→ The task:
A word-for-word repetition of all the entries is required.

→ Material provided:

────

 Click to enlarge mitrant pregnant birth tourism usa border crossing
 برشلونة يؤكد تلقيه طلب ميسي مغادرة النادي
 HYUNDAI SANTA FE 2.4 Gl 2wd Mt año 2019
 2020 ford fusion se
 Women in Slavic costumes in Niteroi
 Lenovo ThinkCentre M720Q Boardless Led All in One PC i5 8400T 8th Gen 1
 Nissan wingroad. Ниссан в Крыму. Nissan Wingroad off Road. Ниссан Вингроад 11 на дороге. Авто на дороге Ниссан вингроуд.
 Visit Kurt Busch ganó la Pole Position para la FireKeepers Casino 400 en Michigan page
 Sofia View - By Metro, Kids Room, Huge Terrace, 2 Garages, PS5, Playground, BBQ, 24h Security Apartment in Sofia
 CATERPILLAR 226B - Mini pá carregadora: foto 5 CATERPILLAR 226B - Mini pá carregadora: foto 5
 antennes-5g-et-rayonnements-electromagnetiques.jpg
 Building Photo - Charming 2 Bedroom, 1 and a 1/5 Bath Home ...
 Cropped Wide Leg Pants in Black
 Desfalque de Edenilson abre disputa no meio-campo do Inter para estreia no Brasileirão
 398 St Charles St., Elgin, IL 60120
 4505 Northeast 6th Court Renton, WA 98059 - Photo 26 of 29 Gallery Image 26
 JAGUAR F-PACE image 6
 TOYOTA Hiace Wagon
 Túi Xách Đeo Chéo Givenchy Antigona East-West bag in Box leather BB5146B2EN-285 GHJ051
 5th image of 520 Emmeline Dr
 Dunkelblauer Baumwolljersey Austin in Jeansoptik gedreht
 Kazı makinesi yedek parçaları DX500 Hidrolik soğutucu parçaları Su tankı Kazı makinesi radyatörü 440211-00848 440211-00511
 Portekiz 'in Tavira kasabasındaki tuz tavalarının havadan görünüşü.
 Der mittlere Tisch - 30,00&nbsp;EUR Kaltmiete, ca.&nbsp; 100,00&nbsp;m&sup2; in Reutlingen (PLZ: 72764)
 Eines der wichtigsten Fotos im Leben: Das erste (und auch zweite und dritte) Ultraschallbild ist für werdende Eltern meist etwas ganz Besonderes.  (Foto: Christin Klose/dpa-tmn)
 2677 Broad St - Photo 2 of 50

────

→ Problem solution:
 Click to enlarge mitrant pregnant birth tourism usa border crossing
 برشلونة يؤكد تلقيه طلب ميسي مغادرة النادي
 HYUNDAI SANTA FE 2.4 Gl 2wd Mt año 2019
 2020 ford fusion se
 Women in Slavic costumes in Niteroi
 Lenovo ThinkCentre M720Q Boardless Led All in One PC i5 8400T 8th Gen 1
 Nissan wingroad. Ниссан в Крыму. Nissan Wingroad off Road. Ниссан Вингроад 11 на дороге. Авто на дороге Ниссан вингроуд.
 Visit Kurt Busch ganó la Pole Position para la FireKeepers Casino 400 en Michigan page
 Sofia View - By Metro, Kids Room, Huge Terrace, 2 Garages, PS5, Playground, BBQ, 24h Security Apartment in Sofia
 CATERPILLAR 226B - Mini pá carregadora: foto 5 CATERPILLAR 226B - Mini pá carregadora: foto 5
 antennes-5g-et-rayonnements-electromagnetiques.jpg
 Building Photo - Charming 2 Bedroom, 1 and a 1/5 Bath Home ...
 Cropped Wide Leg Pants in Black
 Desfalque de Edenilson abre disputa no meio-campo do Inter para estreia no Brasileirão
 398 St Charles St., Elgin, IL 60120
 4505 Northeast 6th Court Renton, WA 98059 - Photo 26 of 29 Gallery Image 26
 JAGUAR F-PACE image 6
 TOYOTA Hiace Wagon
 Túi Xách Đeo Chéo Givenchy Antigona East-West bag in Box leather BB5146B2EN-285 GHJ051
 5th image of 520 Emmeline Dr
 Dunkelblauer Baumwolljersey Austin in Jeansoptik gedreht
 Kazı makinesi yedek parçaları DX500 Hidrolik soğutucu parçaları Su tankı Kazı makinesi radyatörü 440211-00848 440211-00511
 Portekiz 'in Tavira kasabasındaki tuz tavalarının havadan görünüşü.
 Der mittlere Tisch - 30,00&nbsp;EUR Kaltmiete, ca.&nbsp; 100,00&nbsp;m&sup2; in Reutlingen (PLZ: 72764)
 Eines der wichtigsten Fotos im Leben: Das erste (und auch zweite und dritte) Ultraschallbild ist für werdende Eltern meist etwas ganz Besonderes.  (Foto: Christin Klose/dpa-tmn)
 2677 Broad St - Photo 2 of 50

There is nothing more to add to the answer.